# Your goal
Print nothing except the line holding "1VWLA7A3XKC012442 Photo# 6" and the lines that come after it in the material below, and leave the pictures out.

# Source data

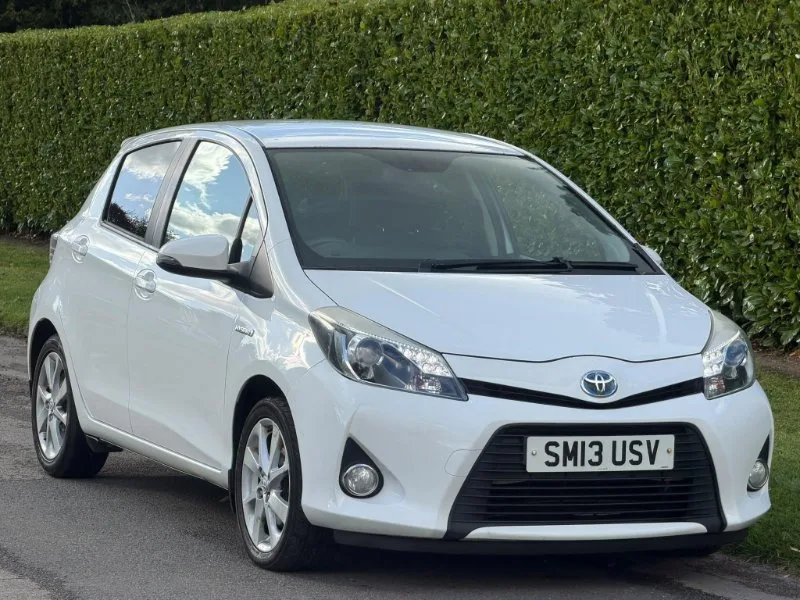 2013 Toyota Yaris 1.5 VVT-h T Spirit CVT Euro 5 5dr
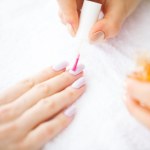 To idealny manicure na chrzciny. Subtelne kolory i wzory, które dodadzą klasy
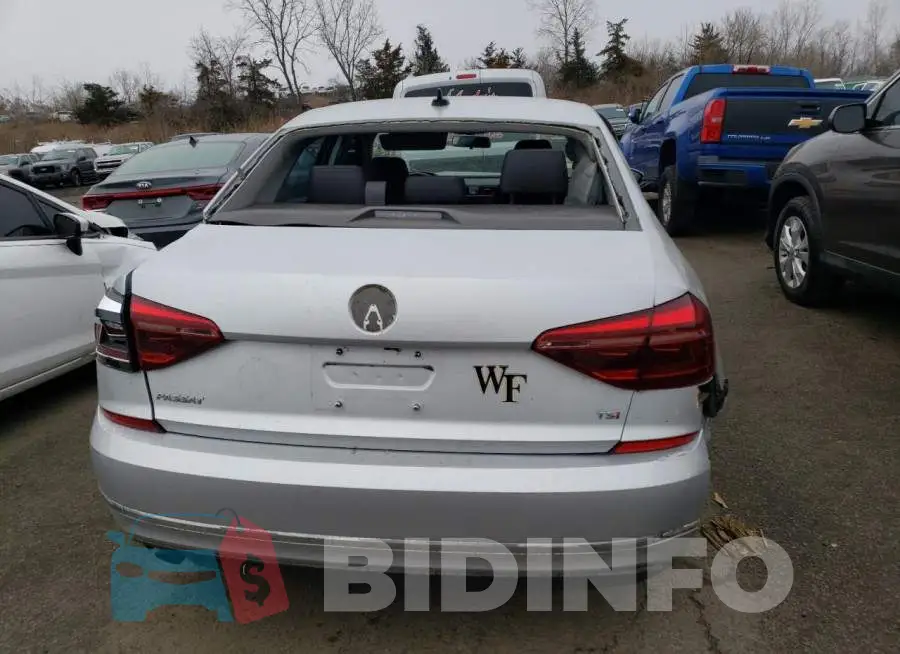 1VWLA7A3XKC012442 Photo# 6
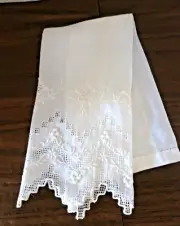 GUEST TOWEL WITH NEEDLE LACE AND SATIN STITCH - 13.5 x 21" - LINEN BATISTE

# Answer for the task
 1VWLA7A3XKC012442 Photo# 6
 GUEST TOWEL WITH NEEDLE LACE AND SATIN STITCH - 13.5 x 21" - LINEN BATISTE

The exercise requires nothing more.